§ **PROBLEM STATEMENT**
Print every line below that comes at or after the line containing "Doosan DX300 Beltegraver", exactly as written.

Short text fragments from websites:
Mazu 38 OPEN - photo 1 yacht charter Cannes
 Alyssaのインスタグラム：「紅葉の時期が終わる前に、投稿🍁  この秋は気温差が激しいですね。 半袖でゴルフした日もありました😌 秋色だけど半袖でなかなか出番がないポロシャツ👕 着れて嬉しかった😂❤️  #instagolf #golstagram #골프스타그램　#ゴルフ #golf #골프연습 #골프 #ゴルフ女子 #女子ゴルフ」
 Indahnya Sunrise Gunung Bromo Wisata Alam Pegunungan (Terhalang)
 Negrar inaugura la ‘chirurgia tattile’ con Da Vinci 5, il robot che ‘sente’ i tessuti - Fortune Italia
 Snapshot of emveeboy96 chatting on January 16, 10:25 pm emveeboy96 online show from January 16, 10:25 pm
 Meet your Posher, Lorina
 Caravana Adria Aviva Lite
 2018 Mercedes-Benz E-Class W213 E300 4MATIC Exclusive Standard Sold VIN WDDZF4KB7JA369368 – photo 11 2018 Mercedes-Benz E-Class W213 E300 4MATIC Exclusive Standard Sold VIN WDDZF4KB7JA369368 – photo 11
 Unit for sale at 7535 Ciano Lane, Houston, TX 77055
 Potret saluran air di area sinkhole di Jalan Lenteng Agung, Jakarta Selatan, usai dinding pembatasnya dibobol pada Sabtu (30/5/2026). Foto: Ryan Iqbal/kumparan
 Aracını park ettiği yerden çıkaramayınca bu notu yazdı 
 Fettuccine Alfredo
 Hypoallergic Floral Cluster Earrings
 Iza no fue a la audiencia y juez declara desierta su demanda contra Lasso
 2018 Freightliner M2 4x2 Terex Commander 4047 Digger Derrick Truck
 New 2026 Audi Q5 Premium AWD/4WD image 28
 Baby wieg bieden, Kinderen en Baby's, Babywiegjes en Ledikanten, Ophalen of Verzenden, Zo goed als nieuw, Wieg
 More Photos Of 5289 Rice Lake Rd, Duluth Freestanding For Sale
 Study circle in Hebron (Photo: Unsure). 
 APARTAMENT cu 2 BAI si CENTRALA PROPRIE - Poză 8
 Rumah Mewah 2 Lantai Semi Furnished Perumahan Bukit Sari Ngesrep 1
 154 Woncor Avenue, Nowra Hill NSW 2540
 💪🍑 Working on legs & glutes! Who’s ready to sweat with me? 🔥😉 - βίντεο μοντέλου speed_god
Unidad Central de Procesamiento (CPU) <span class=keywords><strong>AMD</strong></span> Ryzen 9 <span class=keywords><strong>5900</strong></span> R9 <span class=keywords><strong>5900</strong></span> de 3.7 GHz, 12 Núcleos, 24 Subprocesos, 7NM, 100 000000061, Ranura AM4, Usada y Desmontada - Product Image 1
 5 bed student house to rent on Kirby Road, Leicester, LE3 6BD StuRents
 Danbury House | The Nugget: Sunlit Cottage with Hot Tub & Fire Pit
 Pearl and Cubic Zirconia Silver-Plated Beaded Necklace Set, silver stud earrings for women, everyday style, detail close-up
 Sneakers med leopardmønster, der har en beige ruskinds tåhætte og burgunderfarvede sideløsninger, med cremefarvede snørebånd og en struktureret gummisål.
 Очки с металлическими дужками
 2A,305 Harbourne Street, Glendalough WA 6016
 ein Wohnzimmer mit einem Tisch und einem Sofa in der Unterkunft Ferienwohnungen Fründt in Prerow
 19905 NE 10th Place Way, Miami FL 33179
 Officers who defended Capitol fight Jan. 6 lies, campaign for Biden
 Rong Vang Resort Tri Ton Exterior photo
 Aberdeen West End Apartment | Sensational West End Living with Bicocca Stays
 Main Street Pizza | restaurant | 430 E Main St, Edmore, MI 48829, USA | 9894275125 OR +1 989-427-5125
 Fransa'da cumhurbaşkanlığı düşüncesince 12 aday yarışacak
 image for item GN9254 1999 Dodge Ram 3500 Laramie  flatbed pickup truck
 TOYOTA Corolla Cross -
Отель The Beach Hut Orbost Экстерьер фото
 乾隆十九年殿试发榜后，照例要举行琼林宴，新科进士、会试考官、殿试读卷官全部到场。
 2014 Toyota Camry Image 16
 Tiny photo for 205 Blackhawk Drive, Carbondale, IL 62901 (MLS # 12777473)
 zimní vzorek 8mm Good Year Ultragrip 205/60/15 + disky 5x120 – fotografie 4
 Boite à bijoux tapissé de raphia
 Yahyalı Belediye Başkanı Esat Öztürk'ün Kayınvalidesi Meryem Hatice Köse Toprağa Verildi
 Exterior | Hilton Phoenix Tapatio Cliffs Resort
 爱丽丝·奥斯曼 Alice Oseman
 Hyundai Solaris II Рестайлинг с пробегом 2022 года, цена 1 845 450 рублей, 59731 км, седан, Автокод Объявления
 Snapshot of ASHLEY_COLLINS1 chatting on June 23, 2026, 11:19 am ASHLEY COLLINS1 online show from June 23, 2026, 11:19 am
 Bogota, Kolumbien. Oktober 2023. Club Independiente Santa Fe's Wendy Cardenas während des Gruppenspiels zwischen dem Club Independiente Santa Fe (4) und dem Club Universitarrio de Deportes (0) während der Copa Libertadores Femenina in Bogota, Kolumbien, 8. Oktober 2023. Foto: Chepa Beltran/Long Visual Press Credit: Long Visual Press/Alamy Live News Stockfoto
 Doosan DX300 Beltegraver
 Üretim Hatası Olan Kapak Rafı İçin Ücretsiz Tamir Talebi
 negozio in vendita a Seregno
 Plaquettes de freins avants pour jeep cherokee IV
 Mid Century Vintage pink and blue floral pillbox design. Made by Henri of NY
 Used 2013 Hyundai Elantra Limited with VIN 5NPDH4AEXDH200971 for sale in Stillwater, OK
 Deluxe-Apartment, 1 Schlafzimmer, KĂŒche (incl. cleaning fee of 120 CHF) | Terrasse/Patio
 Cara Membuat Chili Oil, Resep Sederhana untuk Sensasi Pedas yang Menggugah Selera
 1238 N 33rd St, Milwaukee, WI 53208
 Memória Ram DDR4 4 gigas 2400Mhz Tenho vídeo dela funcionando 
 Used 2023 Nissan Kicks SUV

§ **RESULT BELOW**
 Doosan DX300 Beltegraver
 Üretim Hatası Olan Kapak Rafı İçin Ücretsiz Tamir Talebi
 negozio in vendita a Seregno
 Plaquettes de freins avants pour jeep cherokee IV
 Mid Century Vintage pink and blue floral pillbox design. Made by Henri of NY
 Used 2013 Hyundai Elantra Limited with VIN 5NPDH4AEXDH200971 for sale in Stillwater, OK
 Deluxe-Apartment, 1 Schlafzimmer, KĂŒche (incl. cleaning fee of 120 CHF) | Terrasse/Patio
 Cara Membuat Chili Oil, Resep Sederhana untuk Sensasi Pedas yang Menggugah Selera
 1238 N 33rd St, Milwaukee, WI 53208
 Memória Ram DDR4 4 gigas 2400Mhz Tenho vídeo dela funcionando 
 Used 2023 Nissan Kicks SUV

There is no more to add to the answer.